He cursed himself for not having gone into the Metropole. Uncle Mordechai might have been there. Or at least someone he knew well enough to ask them to walk him home. But it was too late now. There was nothing for it but to keep going.

He turned the corner onto Hester Street, hoping to see a friendly face or two smiling at him from the front stoops of the tenements. But there was no one. The shoppers and pushcart peddlers were long gone. The cobblestones were littered with old food and bits of tailors’ clippings and sooty drifts of crumpled newspapers. Misshapen piles of crates and boxes loomed outside the shop fronts. Laundry dangled from the fire escapes like hanged men. Sacha had never seen Hester Street so silent and lifeless. Even the mannequins in the shop windows seemed to stare out at him with blank, uncaring expressions.

It was dark too. The Bowery was one of New York’s famous White Ways, lit up night and day with Edison’s new electric lights. But back in the narrow tenement streets, people still made do with gaslight. And not much of it either. The flickering halos around the occasional lampposts were only faint islands of light in an ocean of shadows.

Now he was a block from his building. Now half a block. Now three storefronts away. And still the footsteps sounded behind him. Not gaining on him, not falling back. Just following. Sacha felt like he was caught in one of those awful dreams where you run and run until you finally realize that the only way to wake up is to stop and let the monster catch you.

Finally, the urge to look back became unbearable. He glanced over his shoulder, trying not to be too obvious about it.

And there it was. A moving shadow just beyond the glow of the nearest streetlight. It was vague and indefinite and yet unmistakably there. He couldn’t see its face. But there was something unnervingly familiar about the set of its slim shoulders.

Sacha looked away, gauging the distance that still separated him from the front stoop of his own building.

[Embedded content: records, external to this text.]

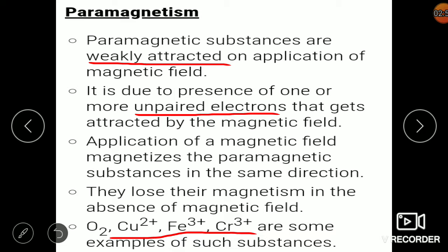Paramagnetic substances are those that are weakly attracted on application of a magnetic field. They show weak attraction, not very strong. This happens due to the presence of unpaired electrons in them, which get attracted by the magnetic field. So paramagnetism is due to the presence of unpaired electrons. When you apply a magnetic field, it magnetizes the unpaired electrons in the same direction and hence they get attracted. If you remove the magnetic field, the magnetism will also go away.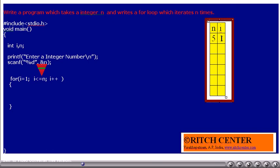Is i less than or equal to n? Currently, i value is 1 and n value is 5. Is i less than or equal to n? Yes. Thus, the loop is going to get executed once. Then i value will be incremented by 1.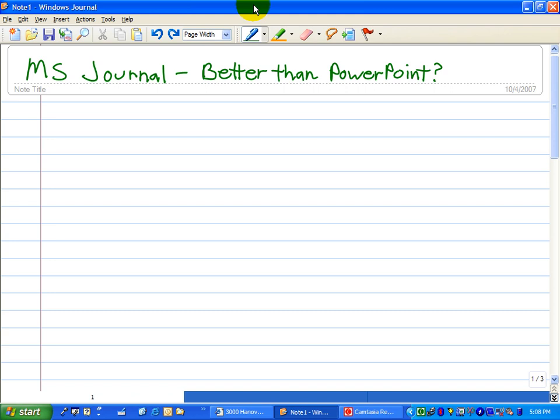I thought for tip number two I'd share some basics about Microsoft Journal. After hearing about how some HP technology for teaching grant recipients are using Journal, I'm impressed with how something as simple can be so helpful.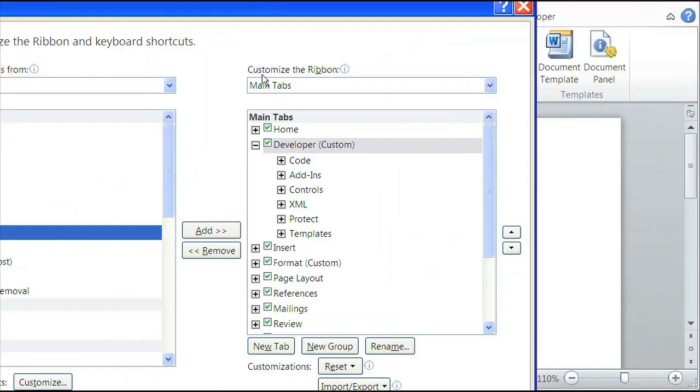Once you see that it's been added, click on OK, and you should see the Developer tab.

His legs trembled. His entire body tensed like a coiled spring. What if he made a mad dash for it? Would he make it? And what would happen if he didn’t?

It was only the briefest of glances, a flick of his eyes toward the stoop. No natural creature could have vanished into the shadows that quickly. Nonetheless, when he looked back the watcher was gone.

Sacha cast his eyes frantically around the silent street, but there was no sign of the shadowy figure. If it weren’t for the icy chill still upon him, he could almost have convinced himself he’d imagined it.

As he reached the third floor, he could hear his mother and father bickering affectionately with each other, and Bekah setting the table for dinner, and Uncle Mordechai chuckling over something in the Daily Magic-Worker. Sacha was just pausing outside the door for a final moment to enjoy the comfortable sounds of home when a skeletal hand reached out of the shadows to grip his shoulder.

He gasped and spun around, heart pounding — only to see Moishe Schlosky, of all people.

“Shhh!” Moishe whispered. “Stop shrieking like a girl!”

“I was not shrieking like a girl,” Sacha protested, torn between anger at Moishe and embarrassment about the admittedly somewhat high-pitched sound that had escaped him when he felt Moishe’s bony fingers on his shoulder.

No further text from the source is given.